(Data for analysis Opens)

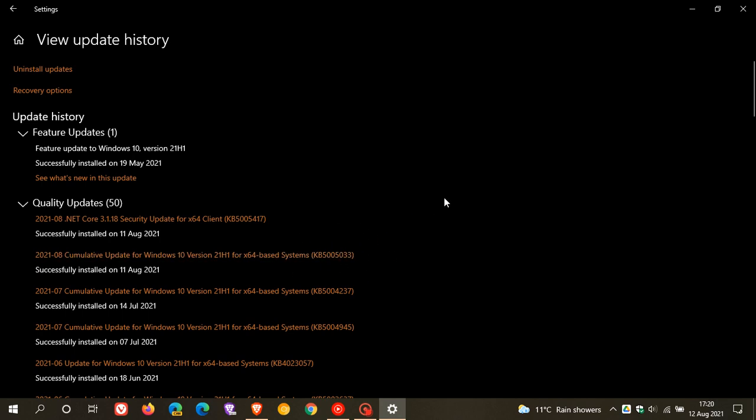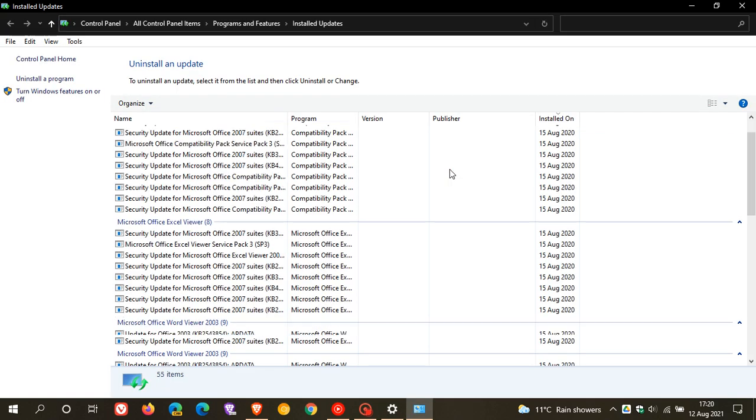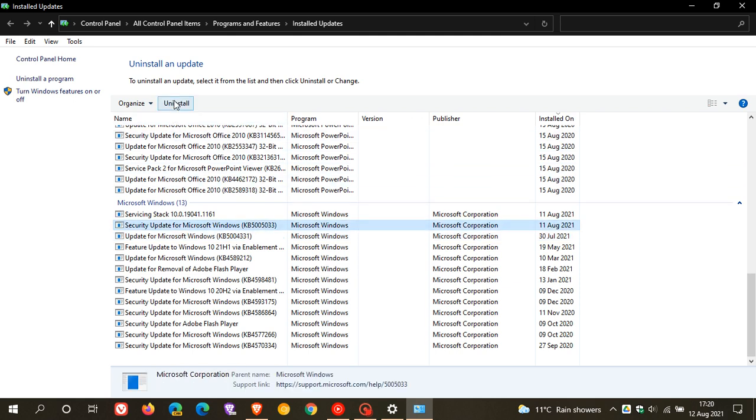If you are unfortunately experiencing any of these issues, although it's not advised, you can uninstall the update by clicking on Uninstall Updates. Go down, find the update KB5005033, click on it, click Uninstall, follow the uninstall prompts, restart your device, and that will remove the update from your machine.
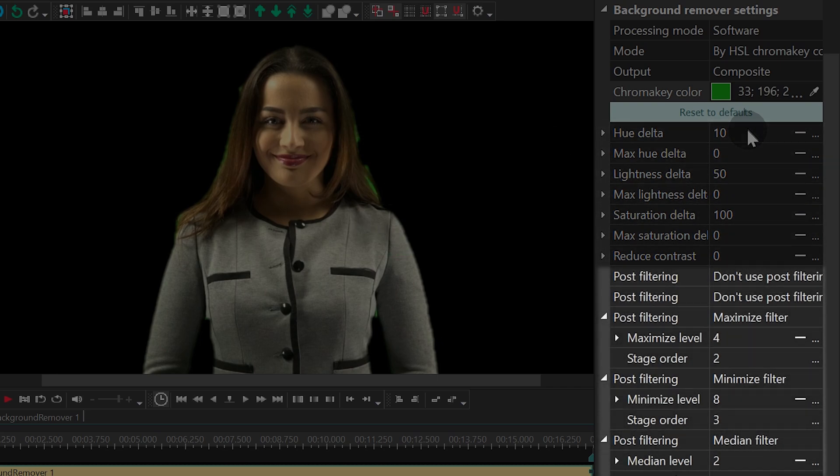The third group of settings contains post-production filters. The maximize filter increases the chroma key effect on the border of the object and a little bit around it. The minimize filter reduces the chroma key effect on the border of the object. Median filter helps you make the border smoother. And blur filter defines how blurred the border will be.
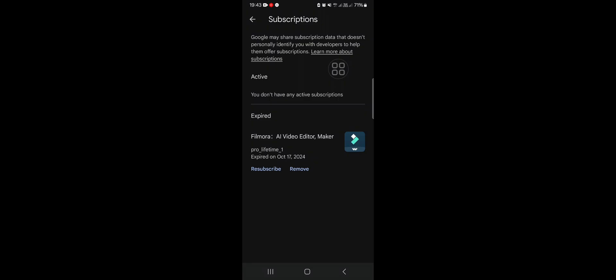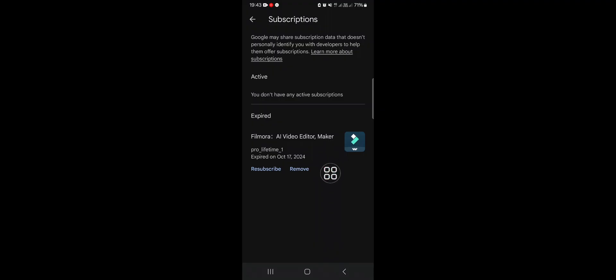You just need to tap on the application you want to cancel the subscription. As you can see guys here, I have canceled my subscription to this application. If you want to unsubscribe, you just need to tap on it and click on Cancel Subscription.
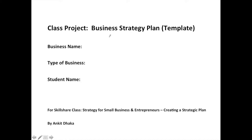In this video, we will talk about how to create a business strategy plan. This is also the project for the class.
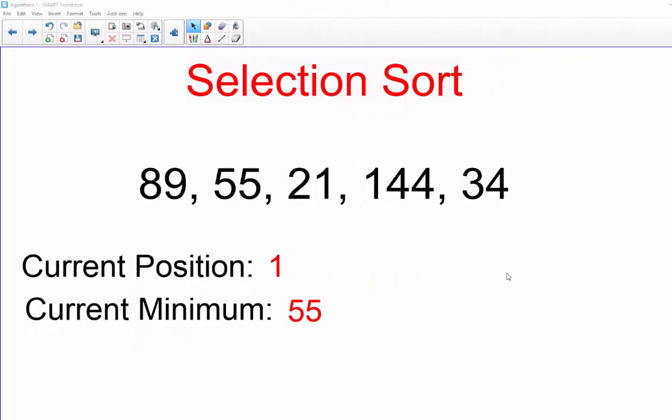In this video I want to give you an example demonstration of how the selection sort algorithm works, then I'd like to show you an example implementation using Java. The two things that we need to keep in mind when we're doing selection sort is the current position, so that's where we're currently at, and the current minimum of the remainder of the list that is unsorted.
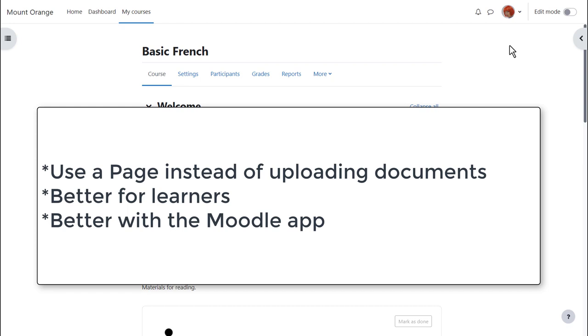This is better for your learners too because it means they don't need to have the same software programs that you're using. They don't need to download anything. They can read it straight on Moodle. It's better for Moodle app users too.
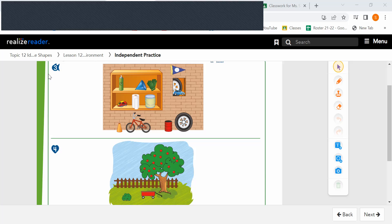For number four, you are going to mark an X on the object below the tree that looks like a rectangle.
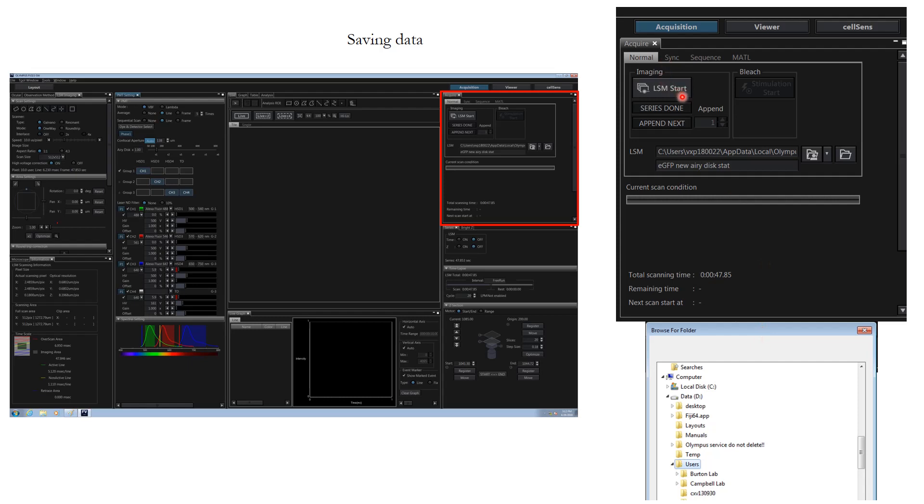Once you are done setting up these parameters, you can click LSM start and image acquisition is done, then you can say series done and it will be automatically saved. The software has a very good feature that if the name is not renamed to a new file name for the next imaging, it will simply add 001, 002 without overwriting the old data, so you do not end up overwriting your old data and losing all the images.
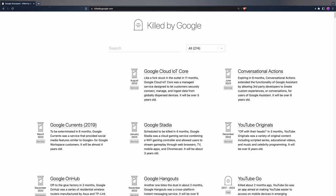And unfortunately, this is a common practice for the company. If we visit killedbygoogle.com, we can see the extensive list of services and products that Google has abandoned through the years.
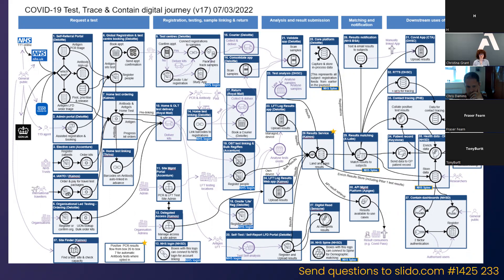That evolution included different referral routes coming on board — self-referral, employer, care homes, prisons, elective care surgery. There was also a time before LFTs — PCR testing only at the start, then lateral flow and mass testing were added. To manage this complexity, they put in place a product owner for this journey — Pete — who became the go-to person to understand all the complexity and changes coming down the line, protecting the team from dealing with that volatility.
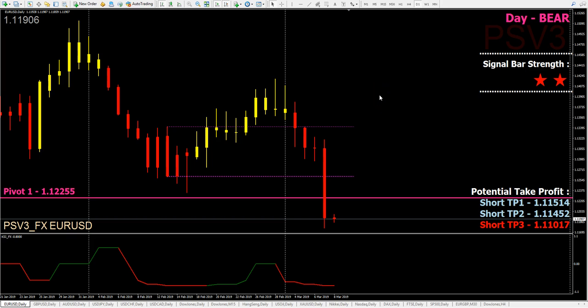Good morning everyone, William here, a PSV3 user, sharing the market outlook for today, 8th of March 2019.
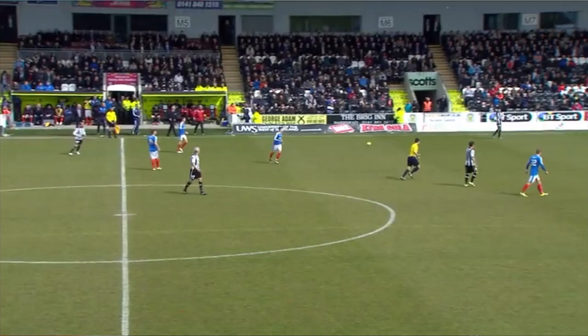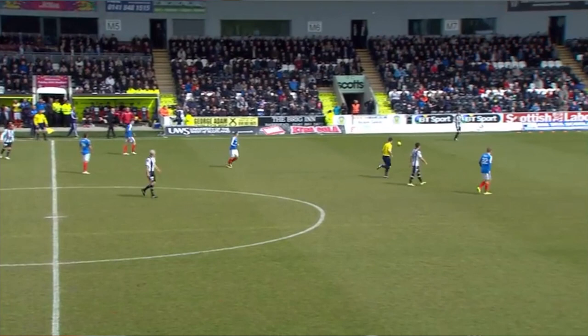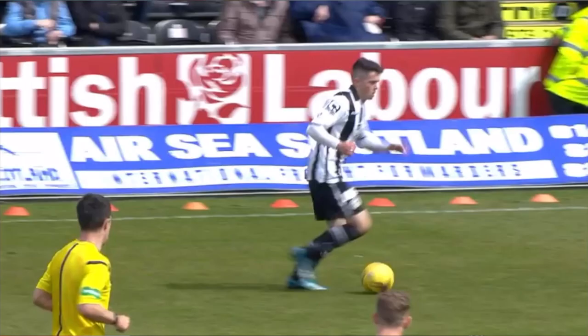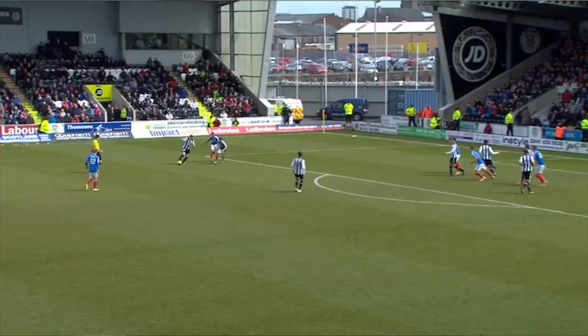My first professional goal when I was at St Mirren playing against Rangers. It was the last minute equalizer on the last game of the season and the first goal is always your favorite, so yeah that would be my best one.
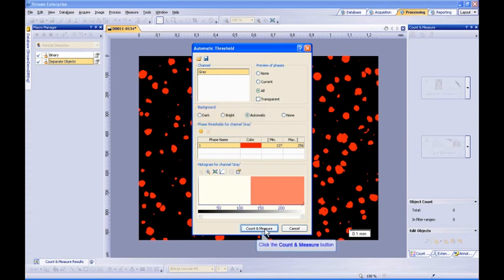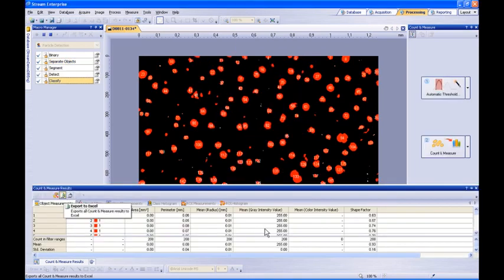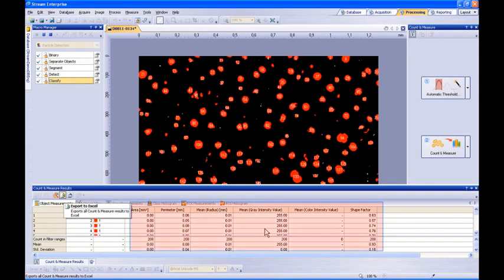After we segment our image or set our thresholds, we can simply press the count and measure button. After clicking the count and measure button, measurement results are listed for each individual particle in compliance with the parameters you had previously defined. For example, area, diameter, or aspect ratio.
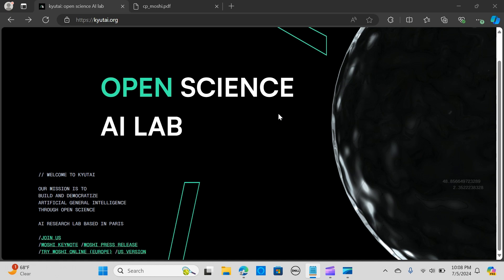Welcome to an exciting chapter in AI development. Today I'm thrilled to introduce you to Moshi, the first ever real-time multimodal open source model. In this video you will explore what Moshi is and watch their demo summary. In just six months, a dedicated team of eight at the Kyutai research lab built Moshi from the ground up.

(Data for analysis Closes)

* _Exercise objective_
Working from the records above, set down word for word everything from the line containing "And unfortunately, this" down to the line containing "Good morning everyone, William", ends included, minus the pictures.

* _Output below_
And unfortunately, this is a common practice for the company. If we visit killedbygoogle.com, we can see the extensive list of services and products that Google has abandoned through the years.
That evolution included different referral routes coming on board — self-referral, employer, care homes, prisons, elective care surgery. There was also a time before LFTs — PCR testing only at the start, then lateral flow and mass testing were added. To manage this complexity, they put in place a product owner for this journey — Pete — who became the go-to person to understand all the complexity and changes coming down the line, protecting the team from dealing with that volatility.
Good morning everyone, William here, a PSV3 user, sharing the market outlook for today, 8th of March 2019.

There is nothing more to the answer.